Démonétisation de l'économie et fiscalité déficiente


La préoccupation est donc de réduire ce déficit budgétaire ; pour cela, une priorité : faire rentrer l'impôt. Mais les plus grands groupes ne le payent pas. Les impayés atteignent jusqu'à 36 % du PIB en 1997. Gazprom par exemple, qui était en 1997 l'un des plus grand monopole au monde et qui était détenu à hauteur de 40,9 % par l'état russe (le vrai patron en était V.Tchernomyrdine qui fut premier ministre durant cinq ans), devait 12 milliards de roubles (selon les services fiscaux).

A cela, s'ajoute une corruption à tous les niveaux qui encourage les passe-droits et les détournements de fonds dans lesquels ont été impliqués jusqu'aux responsables de la Banque centrale et au ministre des finances.

 

Mais au-delà des détournements de fonds, des dissimulations, des «remises spéciales», de la fuite des capitaux, se trouve un problème, fondamental, structurel, qu'aucun plan de rigueur ne saurait résoudre. La raison principale qui explique le déficit des rentrées fiscales est que l'activité économique est réduite à rien; de ce fait, la base d'une quelconque fiscalité est inexistante.

L'absence d'investissements productifs, le non renouvellement des infrastructures se font au profit de marchés plus rentables comme celui des échanges monétaires, des matières premières ou encore de placements dans les pays capitalistes plus sûrs.

 

Au contraire, l'économie parallèle, «grise», le troc, se sont considérablement étendus. Selon la Cour des comptes fiscales russe elle-même, les recettes fiscales catastrophiques de 1998 (8,68% du PIB contre une moyenne de près de 30% dans les autres pays) s'expliquent par «la croissance de l'économie parallèle qui permet à 100-120 milliards de roubles d'échapper au fisc annuellement». 10% des transactions inter-entreprises se faisaient en nature en 1992, 47% à fin juin 1998 et de 50% à 70% selon les estimations en août 1998,  et même au-delà par la suite, comme le reconnaît le gouvernement lui-même; c'est un phénomène qui va jusqu'à toucher les transactions entre l'état et les entreprises. Autant de transactions qui échappent à l'impôt.
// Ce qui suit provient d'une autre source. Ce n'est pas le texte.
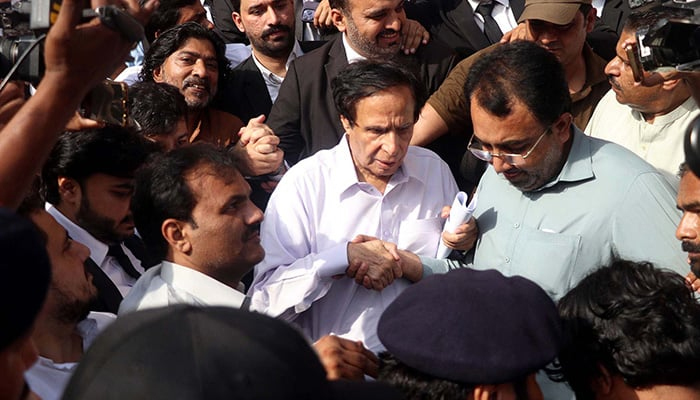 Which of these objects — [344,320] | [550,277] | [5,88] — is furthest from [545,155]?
[5,88]

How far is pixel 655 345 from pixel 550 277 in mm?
1061

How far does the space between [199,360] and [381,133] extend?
2702 millimetres

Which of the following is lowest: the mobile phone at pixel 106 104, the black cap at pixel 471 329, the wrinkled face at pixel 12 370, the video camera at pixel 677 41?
the black cap at pixel 471 329

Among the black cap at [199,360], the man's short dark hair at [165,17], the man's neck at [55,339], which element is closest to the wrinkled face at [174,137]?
Result: the man's short dark hair at [165,17]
Ainsi, au cours du premier semestre 1998, les clients de Gazprom en Russie n'ont payé en liquide que 14% des livraisons de gaz... Après la crise d'août, Gazprom elle-même paiera une partie de ses dettes d'impôts au gouvernement avec des produits alimentaires, cette entreprise ayant elle-même conclu des accords de troc avec la Biélorussie...

 

«Les fonctionnaires, les mineurs et le personnel de santé sont payés avec retard ou pas du tout ; les ouvriers sont au mieux rémunérés en nature, au gré de ce que leur entreprise produit (à eux d'écouler ensuite, comme ils le peuvent, soutien-gorge, saucissons, allumettes ou casseroles) ; les retraités - parmi les plus chanceux - se voit proposer des cercueils en règlement de leurs arriérés de pension ; la plupart des entreprises règlent leurs dettes en marchandises, tandis que l'administration fiscale de la région de Samara (région de la Volga, au sud de la Russie) autorise les contribuables, depuis cette année, à régler 30 % de leurs impôts sous forme de " biens" , sans parler de ce cinéma de la région de l'Altaï, en Sibérie, qui délivre des places contre deux œufs ! ” 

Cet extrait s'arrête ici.